By the time McKechnie was 12, he was playing in both Peewee and Bantam leagues, including their travelling teams. He was also playing in the Midget league, but not their travelling team. So, all at once he was playing on five separate teams.

McKechnie says to make it work with the travelling teams, he would play the Peewee level game and then head to the changeroom. From there, the Bantam coach would have him take off the Peewee uniform and put the Bantam sweater on, then McKechnie would head to that team’s changeroom and get ready to play the next game.

It’s very different nowadays since back then there was more of an emphasis on winning competitions, although he notes it wasn’t at all costs. McKechnie says players and coaches wouldn’t be able to play in both leagues in today’s era.

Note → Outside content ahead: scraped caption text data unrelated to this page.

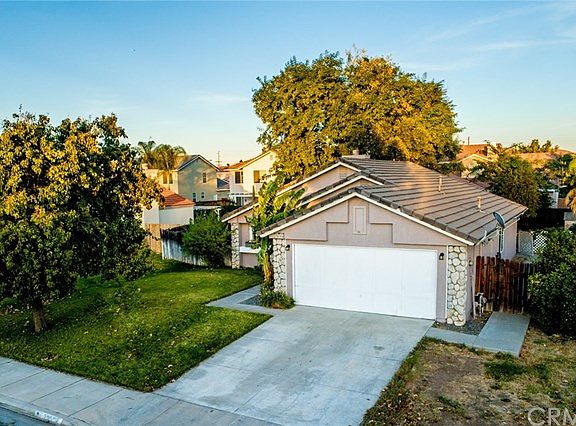 3rd image of 29084 Deer Creek Cir
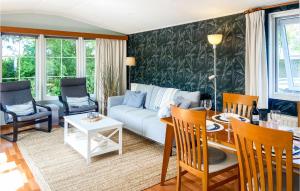 Beautiful Stacaravan In Goedereede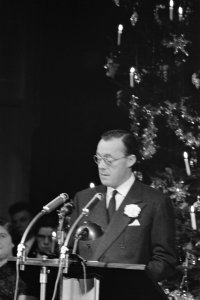Kerstviering door Koninklijke familie met personeel, Zijne Koninklijke Hoogheid , Bestanddeelnr 911-8989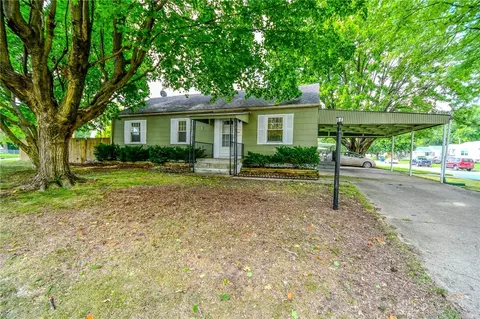 1735 Russet Ave, Dayton, OH 45410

Also in those days, there wasn’t always equal ice time between teammates. If players were dogging it (not doing well), they’d be swapped out for other players. You had to work and earn your ice time, especially if you didn’t get as much time as you wanted. 

Getting Noticed

By the time McKechnie was 14 there was a callout from the National Ontario Western B Junior Hockey League for all local boys to tryout for the team. 

He hadn’t thought much of it apart from getting ice time for a day, and hopefully up to a week. So, he and some friends geared up and headed for the tryouts. McKechnie notes he was a pretty tall kid and that helped him stand out. But having some skill also brought him to their attention. 

The general manager approached and told him they wanted to talk to his mom and dad, but McKechnie wanted to know why. They told him they were interested in having him play for the team, but he was a minor and they needed permission from his guardians. McKechnie informed them it would be his mom and grandma, as they were who raised him. 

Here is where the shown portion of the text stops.